Harwood was tempted to call his brother back and rip him for sending him this colossally stupid idea of a prank. But his brother clearly had no prior knowledge of this, and neither did anyone else whom he knew. Aside from his family, no one else even knew where he lived.

Harwood went into the kitchen and began brewing himself another cup of tea. The photo was by now burned into his brain. It was not a joke. It meant something – it had to come from somewhere. But he knew he would probably never know from where.

The photo was still occupying the back of his mind when he took a walk through the town center the next day, although he tried to focus on the scene around him. Even though he had only ventured to the town to run some small errands, he purposely took the scenic route through the central plaza. It was a vibrant place, fully of lush greenery, well-paved asphalt walkways, and a beautiful fountain that sprayed jets of water into a large wide basin. It was a pleasant day and there were scores of people milling around. Harwood walked around the perimeter of the plaza and gazed at the fountain.

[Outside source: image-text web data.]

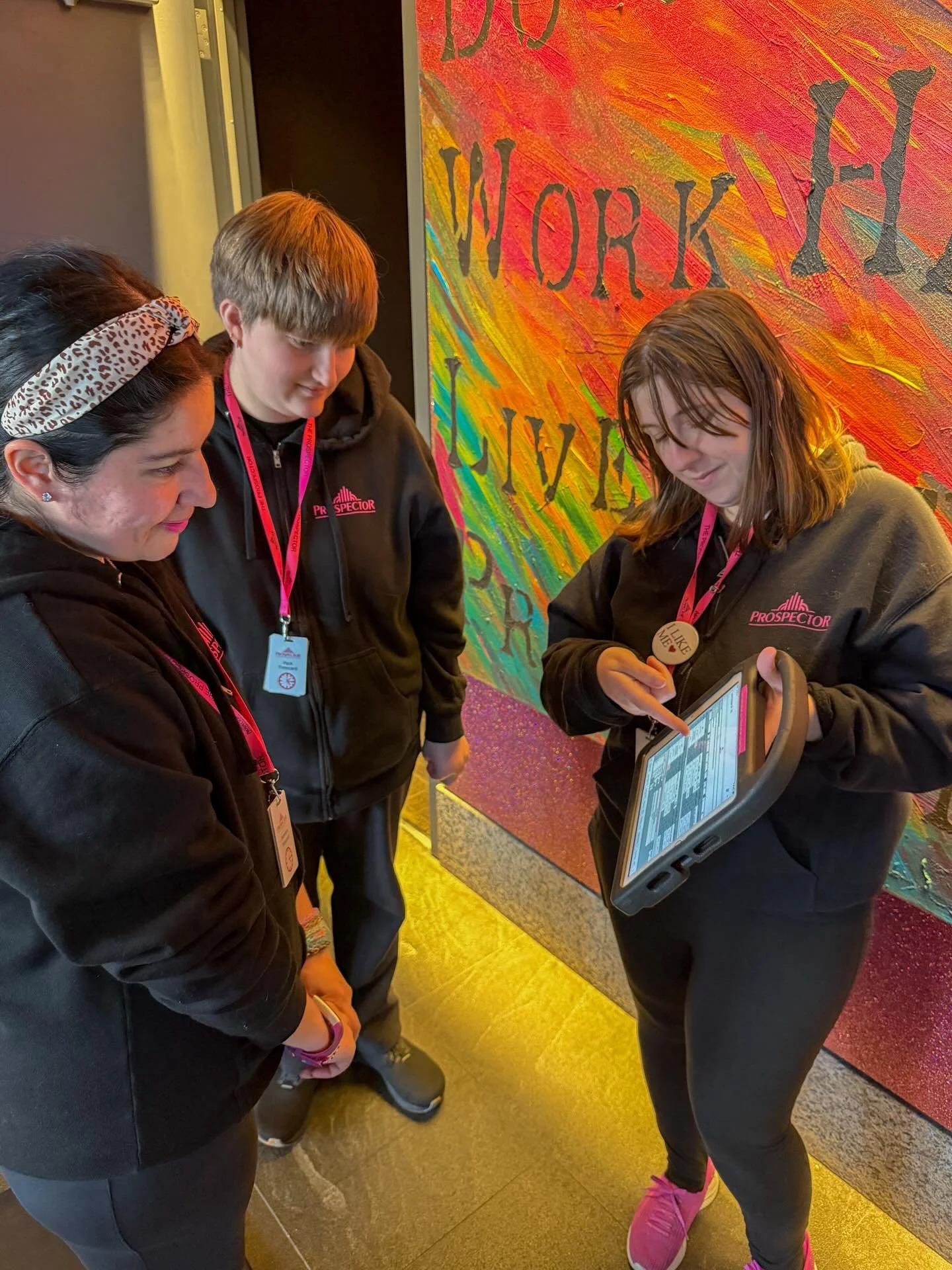 Amanda teaching and training two of our newest ushers, Chrissy and Maya. ✨
.
.
.
.
.
Photo Caption: Three Prospects stand in the lobby of The Prospector, looking at a training tablet. Chrissy, with dark hair and pink lipstick, is on the left. While M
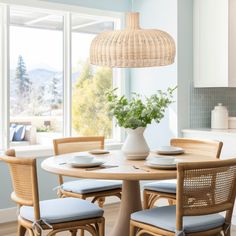 a dining table with four chairs and a vase on it in front of a window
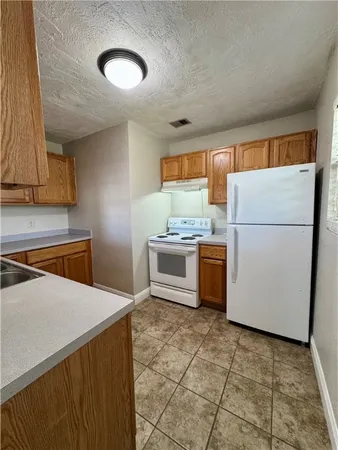 a white refrigerator freezer and a stove in a kitchen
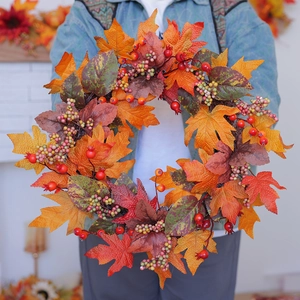 Close-up of a large autumn wreath featuring faux maple leaves and orange berries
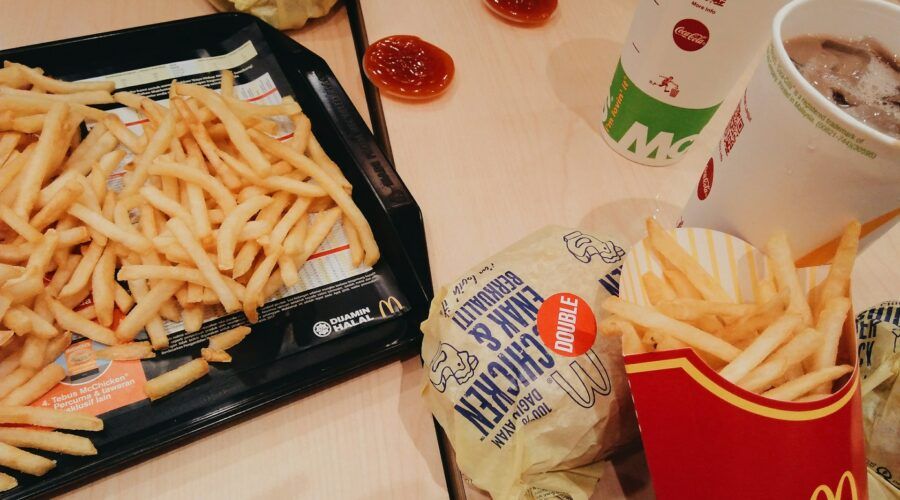 Niezdrowa dieta - duża ilość frytek i podwójny hamburger leżące na stole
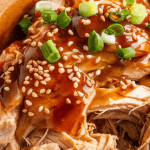 A slow cooker filled with shredded teriyaki chicken, glistening in a thick, glossy sauce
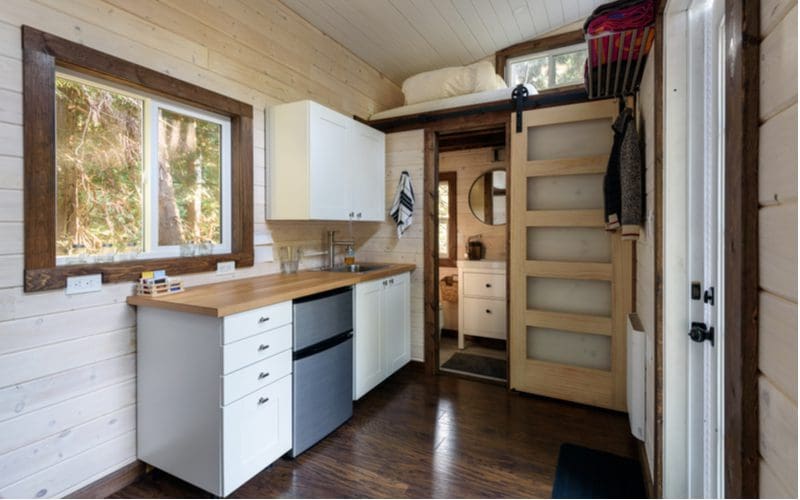 Interior cabin design with a farmhouse style sliding door and ample natural wood paneling on the walls and ceiling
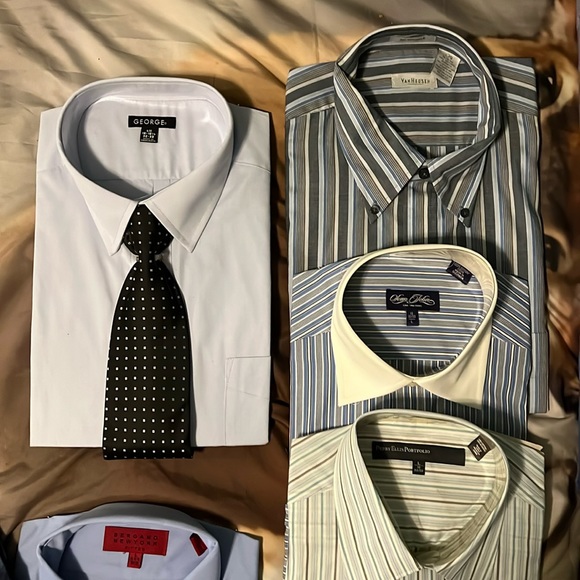 18 men’s button down dress shirts. Size L 32-33. Brand new!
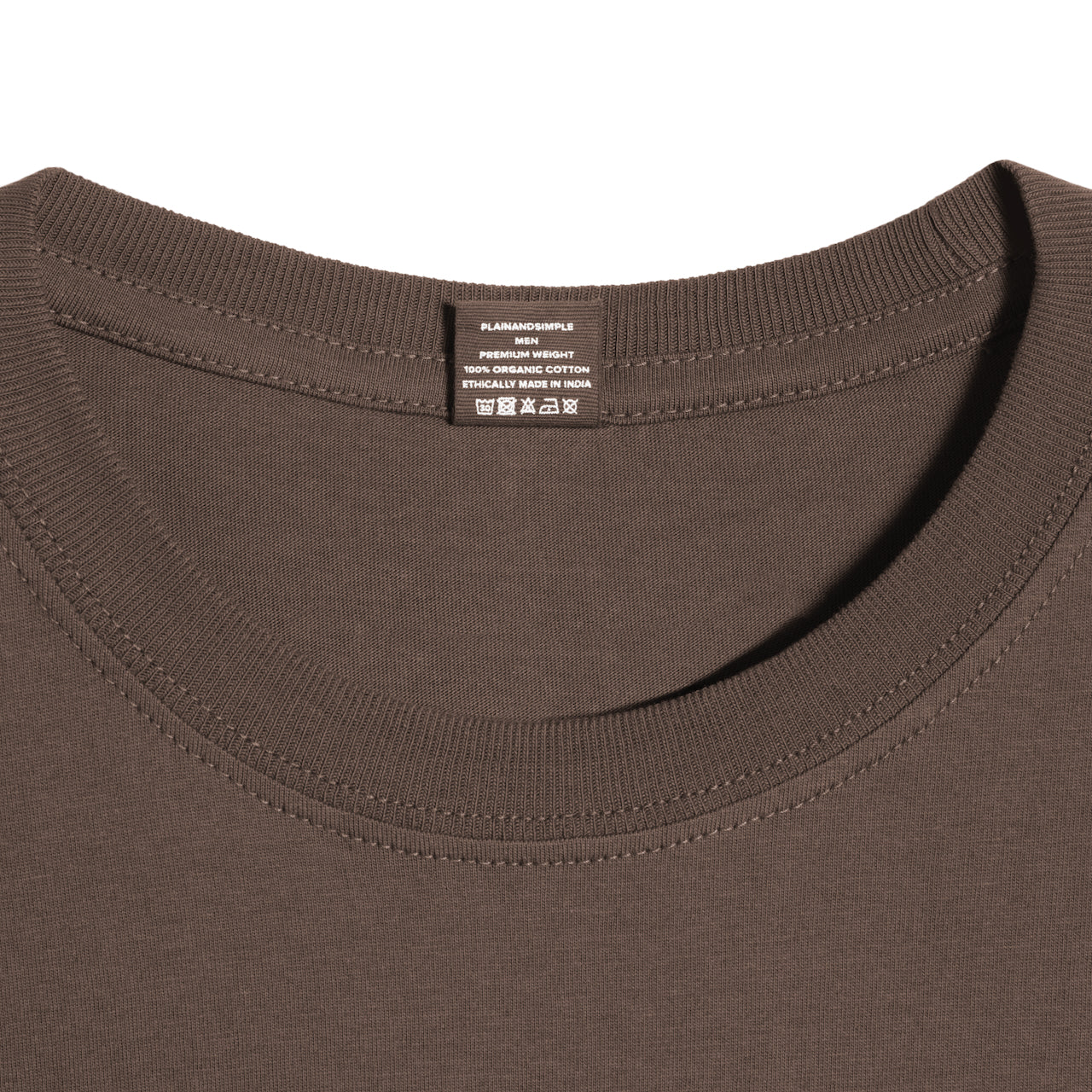 A close up of a neck label in a men's dark khaki short sleeve crew neck organic cotton t shirt.
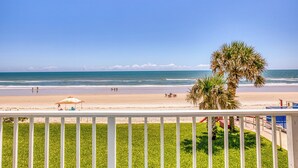 A beach view with a white railing, palm trees, and a clear sky.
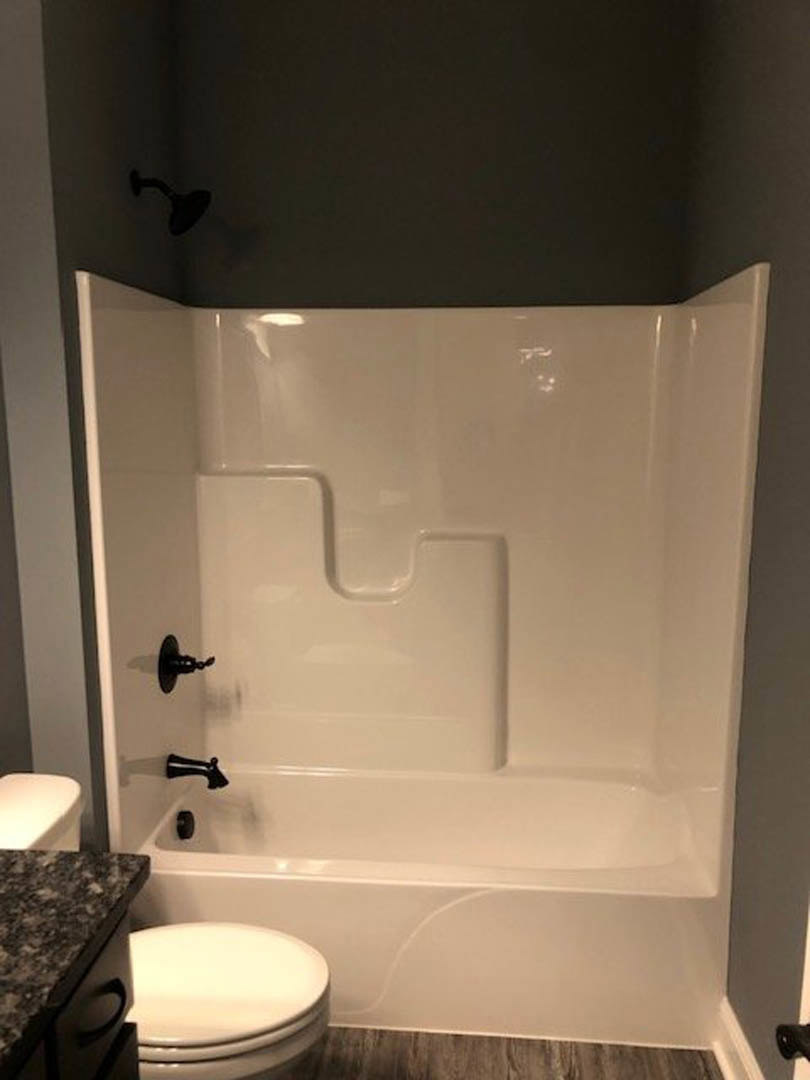 White freestanding bathtub and modern toilet set against light tile walls in a contemporary bathroom.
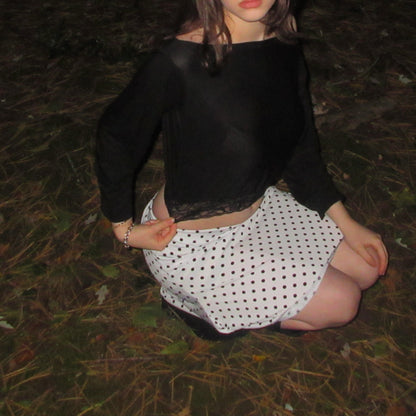 Person wearing a black top and polka dot skirt sitting on the ground.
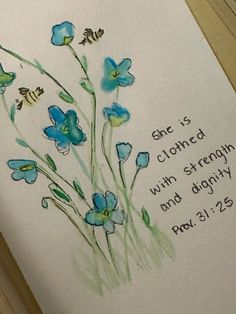 an open bible with blue flowers and the words she is clothed with strength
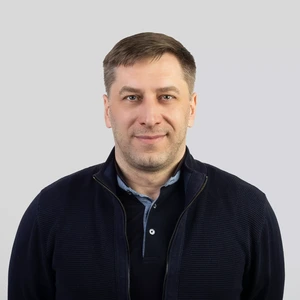 Portretinė nuotrauka – vyras trumpais šviesiais plaukais, vilkintis tamsiai mėlyną megztinį su užtrauktuku ir šviesius marškinius. Jis žiūri į kamerą su švelnia šypsena, fonas neutralus, pilkšvas.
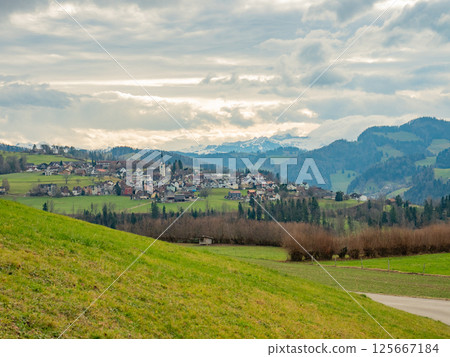 Mogelsberg, Switzerland - December 23rd 2023: View towards the beautiful historic village between hills 125667184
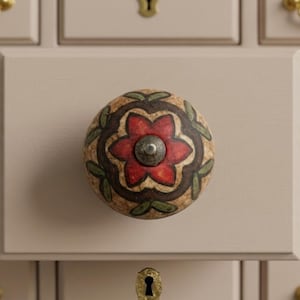 May include: A decorative cabinet knob with a floral design. The knob is round with a tan background, a red flower, green leaves, and a silver center. The knob is attached to a light beige cabinet door.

There were too many people for him to notice any particular person. But as he walked past a set of benches at the edge of the plaza, he noticed someone sitting on one up ahead. She didn’t catch his eye at first but once she looked in his direction and he saw her face, his heart skipped a beat. He stood in place and looked at her discreetly, trying hard not to make eye contact with her.

           She wasn’t someone that he knew. But her face looked identical to the woman who was in the photo with him.

           Harwood rubbed his eyes, blinked, turned his head around, then turned back again. She was now looking at the laptop that sat on her lap and on which she was typing. He could no longer see her entire face but she still looked like the one who was embracing him in the mysterious photo he received in the mail.

           He slowly walked over to her, not wanting to seem threatening. She was clearly busy and did not appear to want to be disturbed, least of all by a strange man. Harwood thought about just leaving her alone, that the physical resemblance was a coincidence and nothing more. But his mind couldn’t accept that was the case.

           He stood in front of her, about six feet away from her, trying to get another look at her face without appearing to be leering at her. Eventually there was no doubt in his mind that the two faces were the same. He cleared his throat, and mustered up every ion of courage in his body to introduce himself.

           “Hi there. Nice day, isn’t it?”

           She looked up at him, and to his great relief, she grinned slightly. “Sure is. It’s great weather for working outside.”

           Harwood smiled back at her. “I hope you’re not working too hard on a day that’s clearly meant for play.”

           “Well, I kind of have to get this thing done soon. It’s a book I’m writing and my publisher needs another draft on Monday.”

           “You’re writing a book? What’s it about?”

           She paused, smiling directly at him. “It’s called, You Have to Make the Future Happen.”

           Harwood didn’t say a word at first. The words imprinted on his brain as if a branding iron burned them on there. He watched as she returned her attention to her computer screen.

           “Wow. That’s deep. You’re quite the thinker there.”

           She smiled at him again. “Thank you. I hope you’ll look for the book when it’s out in stores.”

           Harwood was very entranced by her smile and her face; she really was a gorgeous woman. There were lots of questions on his mind, but only one where the answer really mattered.

           “When you’re finished with your writing, would you like to get a cup of coffee?” As soon as the words left his mouth, his stomach twisted itself into a hundred knots, and he felt almost sick.

           The woman looked up at him with a surprised expression. “Sure!” She clicked on her computer keyboard, closed the lid and placed the device in her nearby bag. “My manuscript can wait a few hours. Let’s go right now!”

           As soon as she stood up from the bench, Harwood took her hand into his. He felt as if he was on a cloud of helium. It was a feeling he had never experienced before, and what made it even better was that he had made it happen himself.